Characterization of Soil Hydraulic Properties from Morphological Features and Land Use.
Xiaobo Zhou, The Pennsylvinia State University, 116 ASI Building, University Park, PA 16802, Hangsheng Lin, Pennsylvania State Univ., University Park, PA 16802, and Ed White, USDA-NRCS, One Credit Union Place, Ste 340, Harrisburg, PA 17110.
The estimation of soil hydraulic properties is a critical step in understanding and quantifying water flow and solute transport in the vadose zone, and their knowledge is essential for runoff/erosion control, ground water quantity and quality protection, watershed management, land use planning, precision agriculture, and ecosystem functions. Soil hydraulic properties are affected by soil properties and land use, hence a dynamic soil properties database including use-dependent soil properties will benefit diverse agricultural, environmental, and ecological applications. Our study characterizes and compares the surface and subsurface hydraulic properties soil properties of various soil series under different land uses, using in situ and laboratory measurements.
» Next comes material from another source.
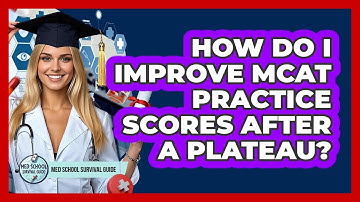 How Do I Improve MCAT Practice Scores After A Plateau? - Med School Survival Guide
Four soil series with contrasting textures and parent materials were selected. For each soil series studied, four distinct land uses (woodland, pasture, cropland, urban) were chosen to investigate the impacts of land use on soil hydraulic properties. The soil core samples were collected at each infiltration site to determine surface and subsurface saturated hydraulic conductivities in the laboratory. Other soil properties of each site, including initial soil moisture, bulk density, soil structure, macroporosity, and root density, were also investigated to help understand and interpret the hydraulic properties difference among different soil series and land use, as well as their temporal changes.The results showed the influence of various macropore sizes in different soils on soil hydraulic conductivity. The sandstone-derived Joanna and Morrison series generally had considerable higher water conductivities than the schist-derived Glenelg. Glenelg soil has a platy structure that inhibits infiltration as compared to the Morrison sub-angular blocky structure causing more infiltration. The infiltration rates in spring season were generally greater than those in fall season, particularly in cropland.